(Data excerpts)
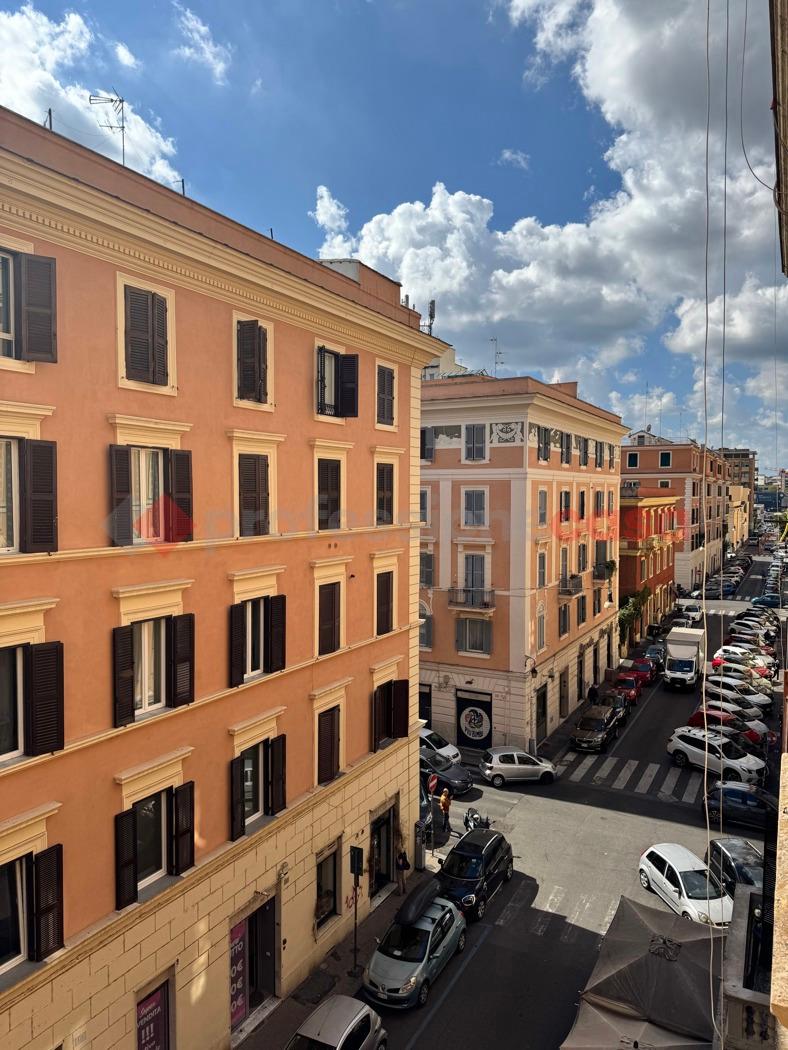 Quadrilocale in Via Alessandro Volta , Roma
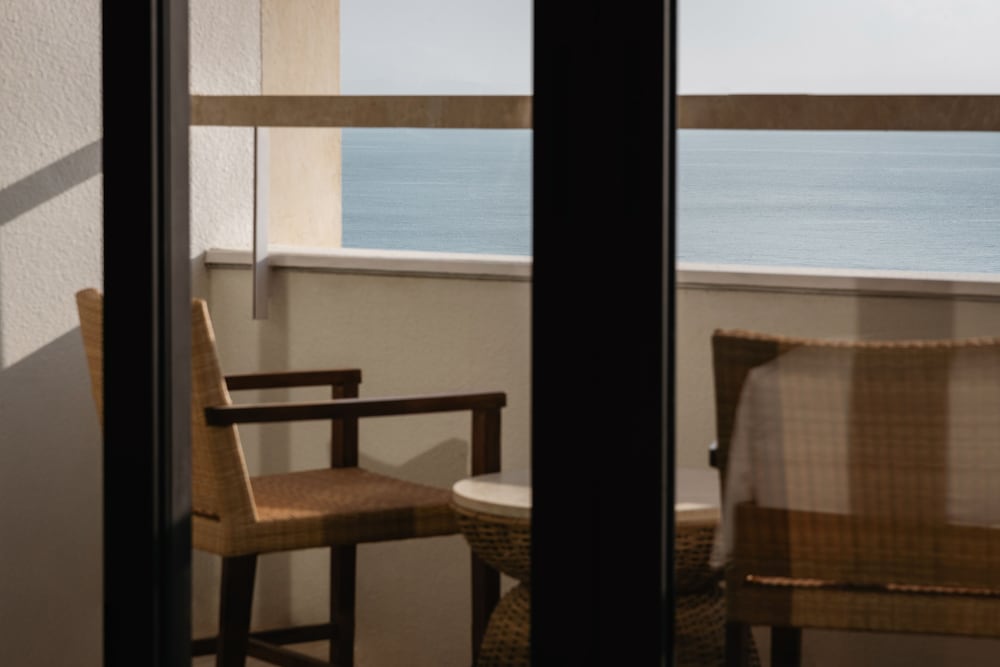 Deluxe Ocean View King - Photo 4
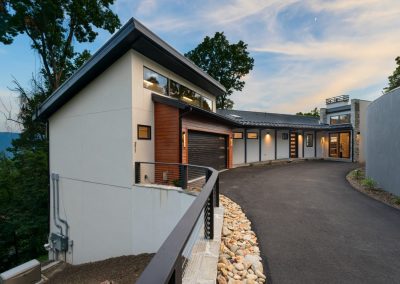 Mountain Modern Vista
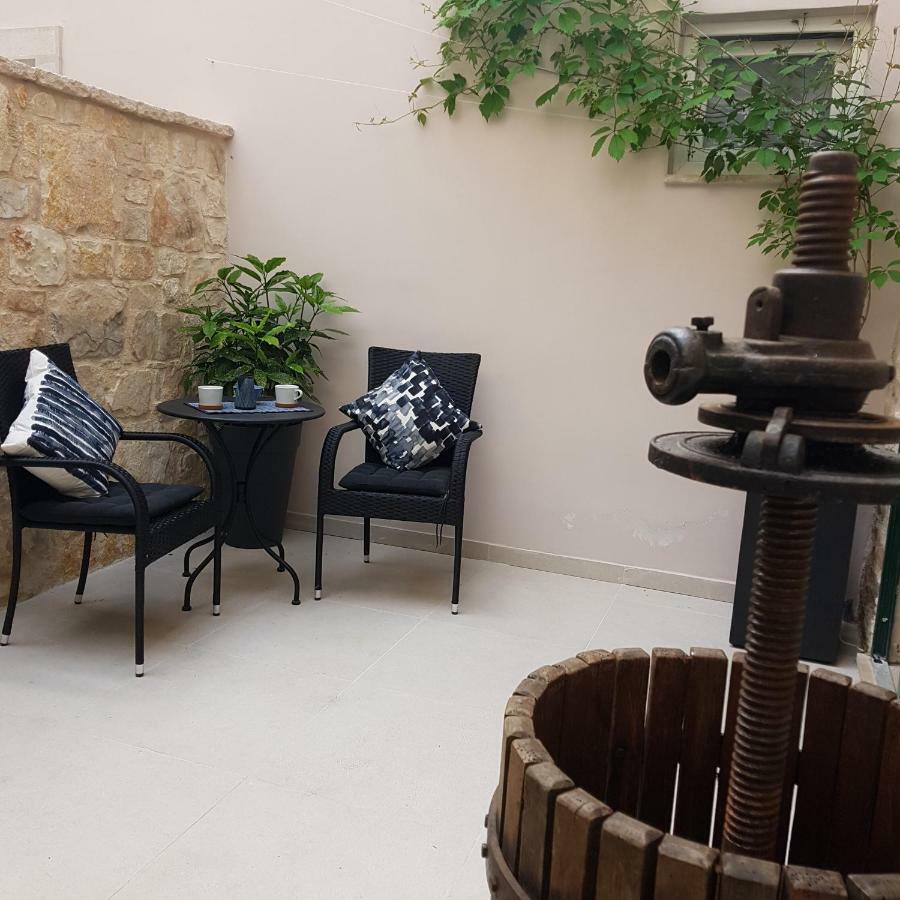 Studio Bluestone Rovinj Exterior photo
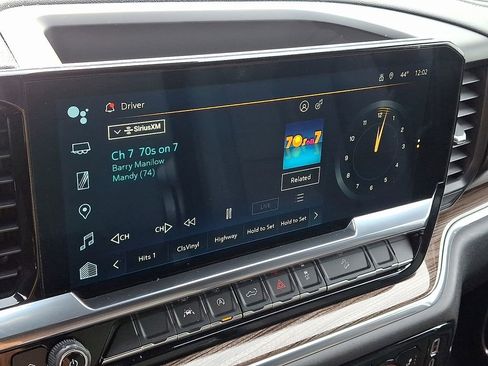 Used 2023 Chevrolet Silverado 1500 RST w/ Z71 Off-Road Package image 17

* **Activity**
Transcribe the data verbatim. No picture belongs in the result.

* **Response to this task**
 Quadrilocale in Via Alessandro Volta , Roma
 Deluxe Ocean View King - Photo 4
 Mountain Modern Vista
 Studio Bluestone Rovinj Exterior photo
 Used 2023 Chevrolet Silverado 1500 RST w/ Z71 Off-Road Package image 17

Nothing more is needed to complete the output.